TiCDC Monitoring Metrics Summary

r

Starting from v7.0.0, when you deploy Grafana using TiUP, the TiCDC Summary Dashboard is automatically added to the Grafana monitoring page. Through this dashboard, you can quickly understand the status of TiCDC servers and changefeeds.

The following image shows the monitoring panels of the TiCDC Summary Dashboard:

TiCDC Summary Dashboard - Overview

Each monitoring panel is described as follows:

  • Server: summary of TiCDC nodes in the cluster.
  • Changefeed: the latency and status information of TiCDC changefeeds.
  • Dataflow: statistics of data changes processed by TiCDC internal modules.
  • Transaction Sink: the write latency of the downstream MySQL or TiDB.
  • MQ Sink: the write latency of the downstream MQ system.
  • Cloud Storage Sink: the write speed of the downstream cloud storage.
  • Redo: the write latency when the redo feature is enabled.

Server panel

The Server panel is as follows:

TiCDC Summary Dashboard - Server metrics

  • Uptime: the time that TiCDC nodes have been running.
  • CPU usage: the CPU usage of TiCDC nodes.
  • Memory usage: the memory usage of TiCDC nodes.

Changefeed panel

The Changefeed panel is as follows:

TiCDC Summary Dashboard - Changefeed metrics

  • Changefeed checkpoint lag: indicates the data replication latency between the upstream TiDB cluster and the downstream system, measured in time. In general, this metric reflects the overall health of the data replication task. Usually, the smaller the lag, the better the status of the replication task. When the lag increases, it usually indicates that the replication ability of the changefeed or the consumption ability of the downstream system cannot keep up with the write speed of the upstream.
  • Changefeed resolved ts lag: indicates the data latency between the upstream TiDB cluster and the TiCDC node, measured in time. This metric reflects the ability of the changefeed to pull the data changes from the upstream. When the lag increases, it means that the changefeed cannot pull the data changes generated by the upstream in time.

Dataflow panel

TiCDC Summary Dashboard - Puller metrics

  • Puller output events/s: the number of data changes output by the Puller module to the Sorter module per second in the TiCDC node. This metric reflects the speed at which TiCDC pulls the data changes from the upstream.
  • Puller output events: the total number of data changes output by the Puller module to the Sorter module in the TiCDC node.
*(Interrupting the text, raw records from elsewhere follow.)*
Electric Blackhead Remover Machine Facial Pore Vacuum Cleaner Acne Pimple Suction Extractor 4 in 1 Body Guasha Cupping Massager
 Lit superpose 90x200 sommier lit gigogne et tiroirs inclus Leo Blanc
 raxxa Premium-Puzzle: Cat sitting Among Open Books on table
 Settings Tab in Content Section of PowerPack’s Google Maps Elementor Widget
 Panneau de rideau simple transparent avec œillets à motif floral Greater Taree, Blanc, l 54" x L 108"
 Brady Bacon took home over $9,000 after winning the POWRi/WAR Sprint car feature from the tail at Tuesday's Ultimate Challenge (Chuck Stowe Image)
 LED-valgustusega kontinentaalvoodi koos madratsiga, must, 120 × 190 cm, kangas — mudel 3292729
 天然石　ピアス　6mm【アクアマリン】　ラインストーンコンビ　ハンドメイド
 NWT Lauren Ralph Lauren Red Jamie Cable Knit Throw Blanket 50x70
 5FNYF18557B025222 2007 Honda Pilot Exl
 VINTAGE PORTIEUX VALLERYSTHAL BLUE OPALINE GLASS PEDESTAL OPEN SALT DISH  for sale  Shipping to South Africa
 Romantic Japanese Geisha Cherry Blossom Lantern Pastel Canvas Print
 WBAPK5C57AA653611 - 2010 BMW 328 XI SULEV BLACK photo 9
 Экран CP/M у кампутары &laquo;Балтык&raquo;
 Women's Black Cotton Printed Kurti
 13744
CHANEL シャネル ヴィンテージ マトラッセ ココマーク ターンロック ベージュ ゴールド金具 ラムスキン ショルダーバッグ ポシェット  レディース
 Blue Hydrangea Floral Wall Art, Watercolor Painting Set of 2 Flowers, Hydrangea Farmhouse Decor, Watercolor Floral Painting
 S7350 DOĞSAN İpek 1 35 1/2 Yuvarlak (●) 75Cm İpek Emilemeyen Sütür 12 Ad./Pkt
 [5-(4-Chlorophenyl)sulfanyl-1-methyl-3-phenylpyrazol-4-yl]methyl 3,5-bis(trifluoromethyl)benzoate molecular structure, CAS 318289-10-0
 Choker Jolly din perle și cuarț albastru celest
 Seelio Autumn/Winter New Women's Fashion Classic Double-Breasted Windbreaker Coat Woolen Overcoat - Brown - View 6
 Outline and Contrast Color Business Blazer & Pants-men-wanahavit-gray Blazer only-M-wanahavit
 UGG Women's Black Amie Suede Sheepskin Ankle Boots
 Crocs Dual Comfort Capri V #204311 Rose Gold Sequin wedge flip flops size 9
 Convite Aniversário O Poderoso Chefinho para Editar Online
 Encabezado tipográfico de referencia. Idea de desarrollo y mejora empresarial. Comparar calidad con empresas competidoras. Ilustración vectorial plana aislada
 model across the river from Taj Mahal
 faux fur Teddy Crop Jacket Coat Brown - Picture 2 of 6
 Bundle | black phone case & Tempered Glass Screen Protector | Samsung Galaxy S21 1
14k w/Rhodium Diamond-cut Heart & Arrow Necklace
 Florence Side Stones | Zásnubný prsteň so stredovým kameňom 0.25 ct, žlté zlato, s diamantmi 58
TiCDC Summary Dashboard - Sorter metrics

  • Sorter output events/s: the number of data changes output by the Sorter module per second to the Sink module in the TiCDC node. Note that the data output rate of Sorter is affected by the Sink module. Therefore, when you find that the output rate of the Sorter module is lower than that of the Puller module, it does not necessarily mean that the sorting speed of the Sorter module is too slow. You need to first observe the metrics related to the Sink module to confirm whether the Sink module takes a long time to flush data, resulting in a decrease in Sorter module output.

  • Sorter output event: the total number of data changes output by the Sorter module to the Sink module in the TiCDC node.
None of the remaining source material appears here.